**What to produce**
The records below need to be set down again exactly; their images stay out.

**Stored records**
○ ○ ○ ○ ○ ○ ○
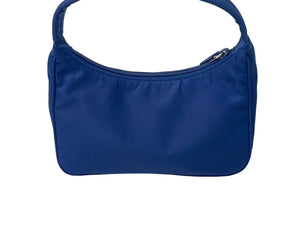 極美品 PRADA プラダ ハンドバッグ MV515 ホーボー ミニバッグポーチ 三角ナイロン ブルー シルバー金具 中古 66549 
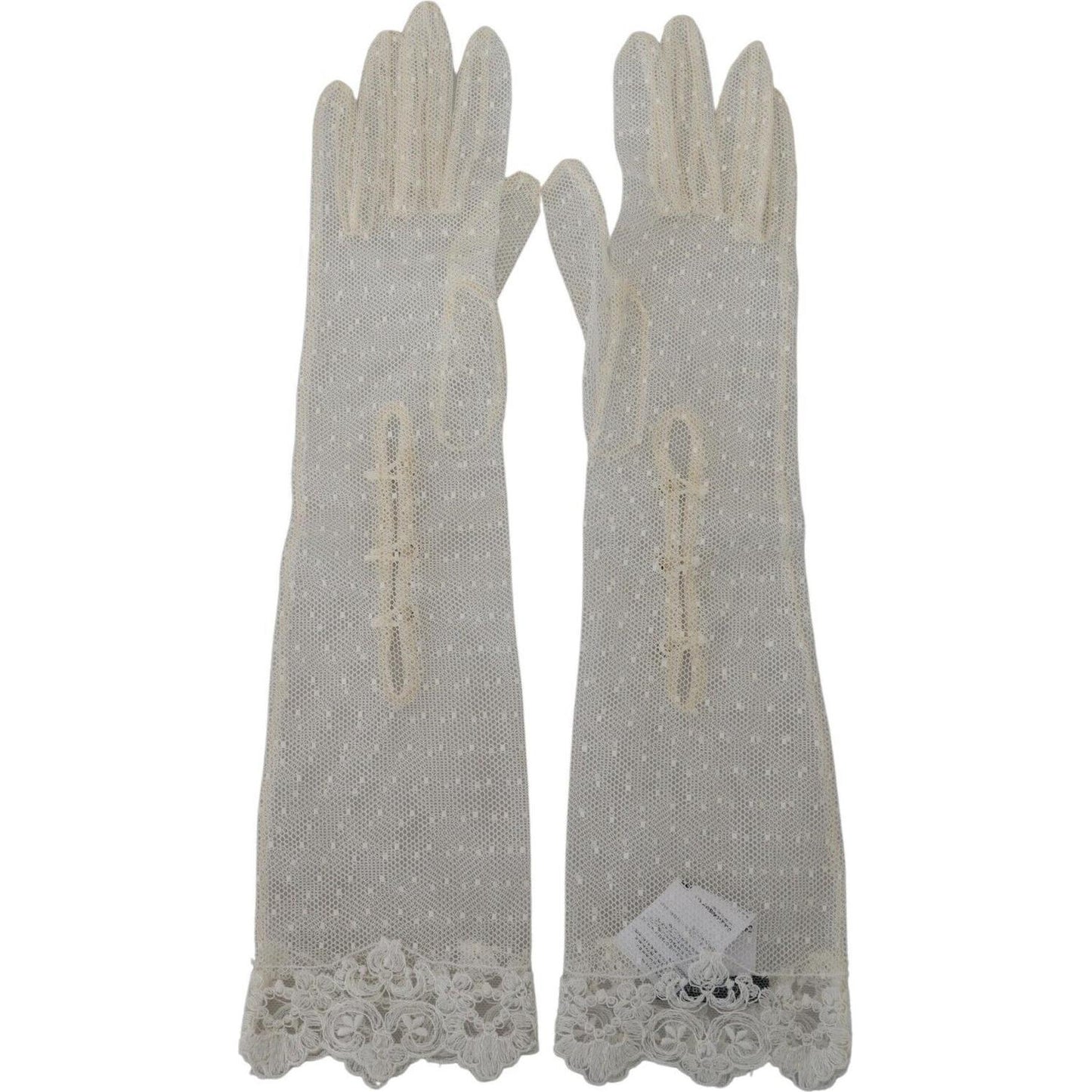 Dolce & Gabbana Elegant Elbow Length White Gloves Dolce & Gabbana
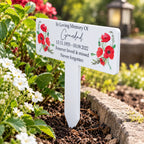 Acrylic Poppy plant pot memorial plaque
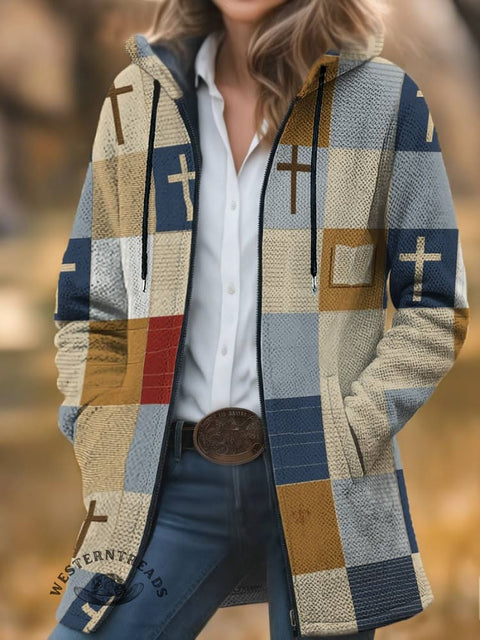 Check Pattern Print Unisex Plush Thick Long-Sleeved Cardigan Coat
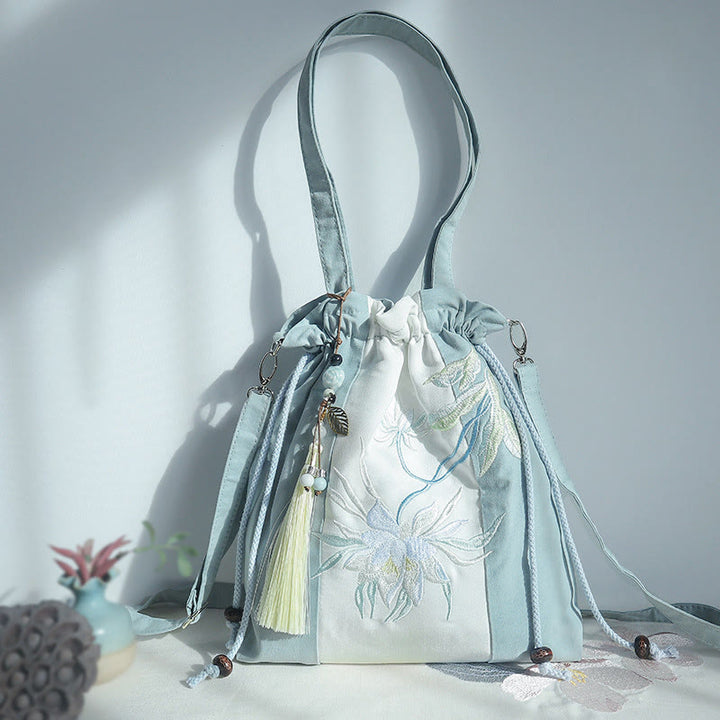 Buddha Stones Embroidered Green Pear Blue Epiphyllum Canvas Tote Crossbody Bag Shoulder Bag Handbag - image 7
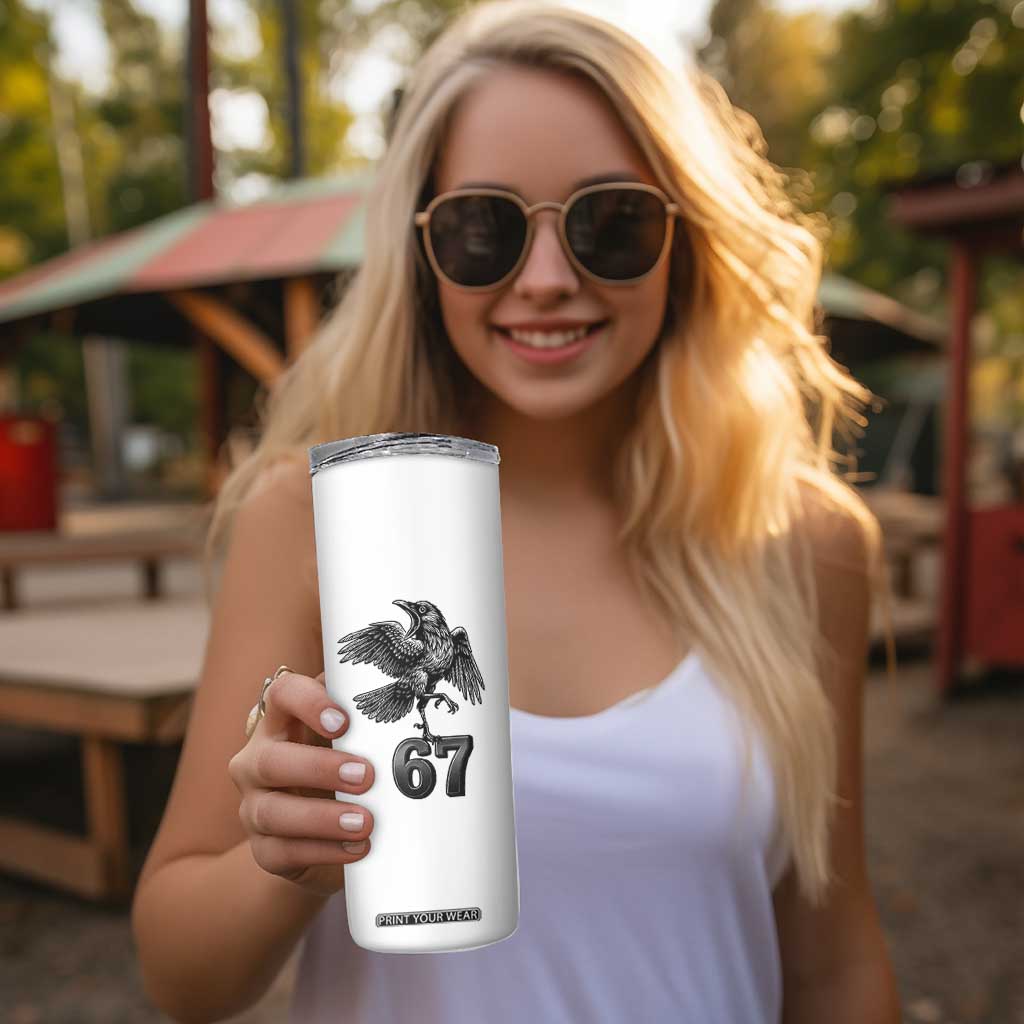Funny Raven Brainrot Six Seven Meme Gift Skinny Tumbler TS12 Print Your Wear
○ ○ ○ ○ ○ ○ ○
**Result**
 極美品 PRADA プラダ ハンドバッグ MV515 ホーボー ミニバッグポーチ 三角ナイロン ブルー シルバー金具 中古 66549 
 Dolce & Gabbana Elegant Elbow Length White Gloves Dolce & Gabbana
 Acrylic Poppy plant pot memorial plaque
 Check Pattern Print Unisex Plush Thick Long-Sleeved Cardigan Coat
 Buddha Stones Embroidered Green Pear Blue Epiphyllum Canvas Tote Crossbody Bag Shoulder Bag Handbag - image 7
Funny Raven Brainrot Six Seven Meme Gift Skinny Tumbler TS12 Print Your Wear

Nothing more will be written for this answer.